Nexus One (2010)
The iPad was still a twinkle in Steve Jobs' eye when the Nexus One arrived. Made by HTC, it featured a 3.7-inch, 480x800 pixel screen, a 5-megapixel camera, Android 2.1 Eclair and a neat little scroll wheel on the front. At the time, it was one of the best phones out there in terms of display, performance and looks.
It also marked the arrival of a new online store for Google and a more direct way of dealing with users - the Nexus One was available direct, unlocked and SIM-free, as today's Nexus is. "It's our way to raise the bar on what's possible when it comes to creating the best mobile experience for consumers," Andy Rubin, VP of Engineering at Google, said at the time.
Nexus S (2010)
The Nexus One arrived at the start of 2010 and the Nexus S went on sale just before the end of the same year - this time the manufacturer was Samsung and the stock OS version was Android 2.3 Gingerbread.
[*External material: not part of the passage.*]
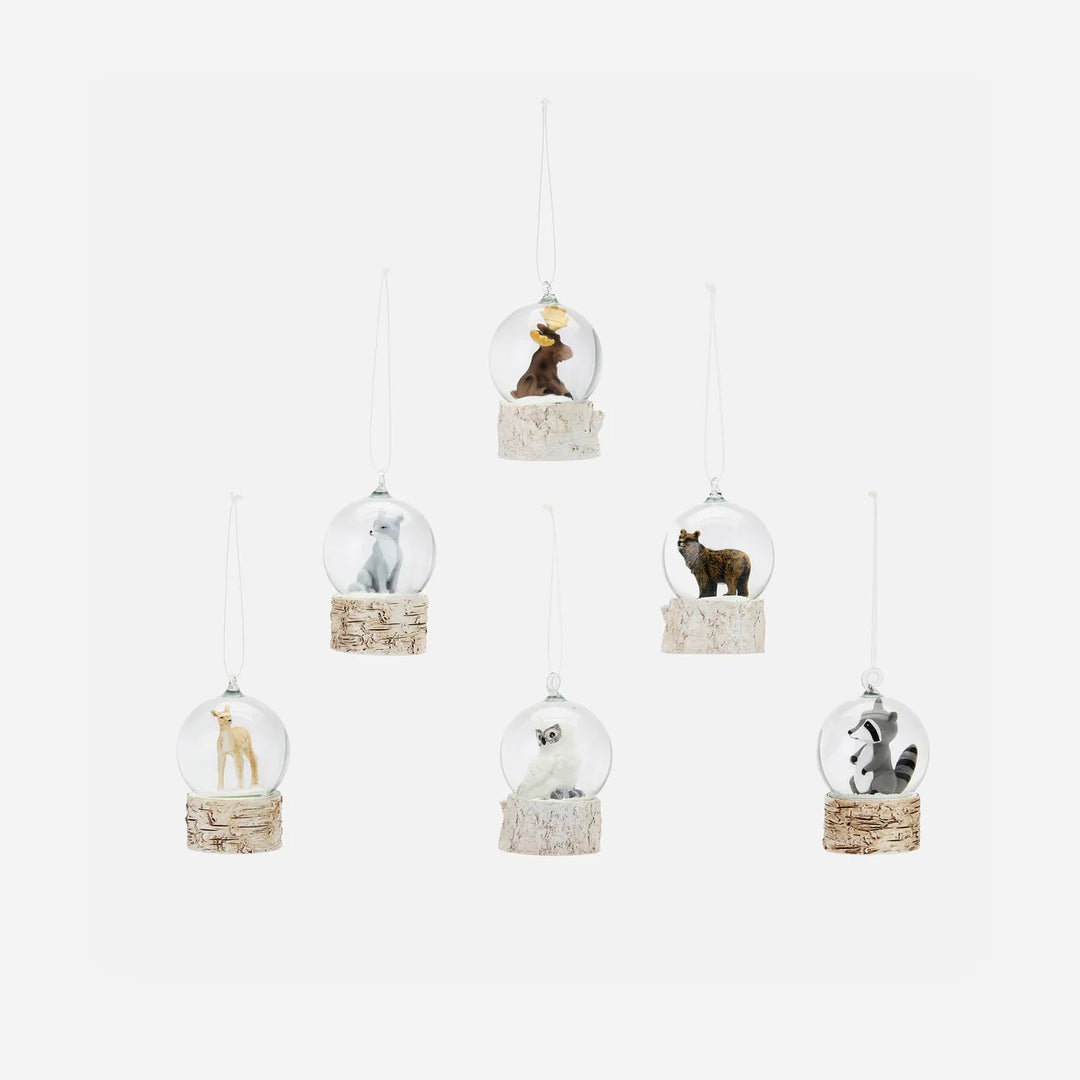 Mini Woodland Animal Snow Globe Ornament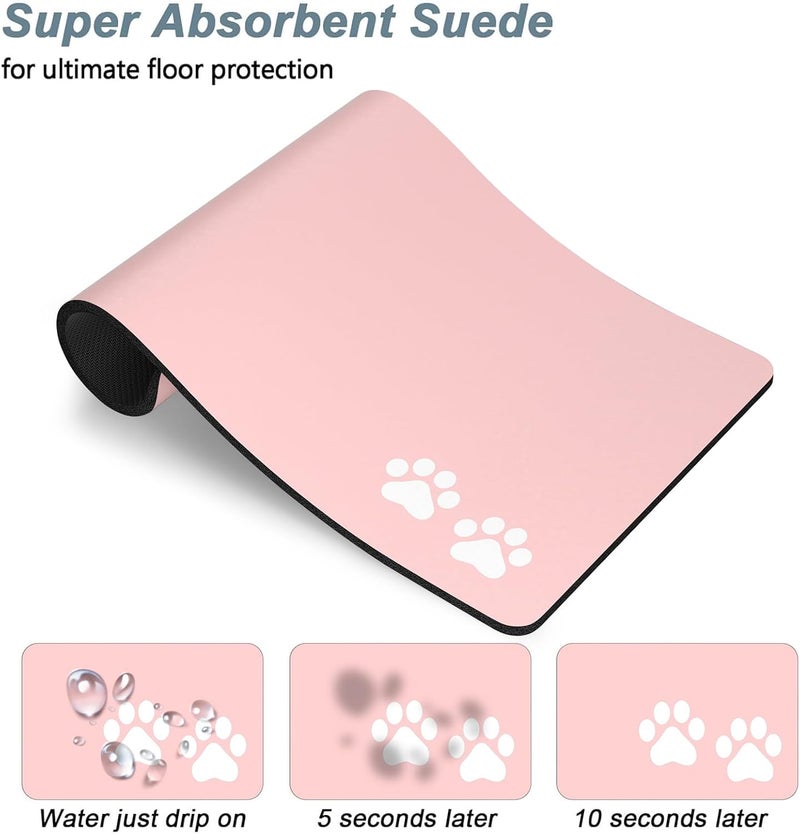 Rnivvi Dog Food Mat, 12" x 19" Footprint Absorbent Dog Cat Bowl Mat for Food and Water, Cute Anti-Slip Rubber Pet Feeding Rug Protect Floors, Puppy Placemat for Feeding & Watering Supplies, Pink - Image 3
It wasn't a great leap forward in terms of specs, though the screen size grew to 4 inches.
While it didn't quite have some of the bells and whistles of other handsets around at the time (there was no 720p video recording and - shock horror - no external SD card slot), the device still earned plenty of favourable reviews, and was another success for Google.
Galaxy Nexus (2011)
Samsung was again the manufacturer partnering with Google for the 2011 Nexus smartphone, and the Galaxy Nexus (or Nexus 3) really was a bold leap forward in terms of hardware: it featured a whopping 4.6-inch 720x1280 pixel screen and internal specs that were very impressive for late 2011.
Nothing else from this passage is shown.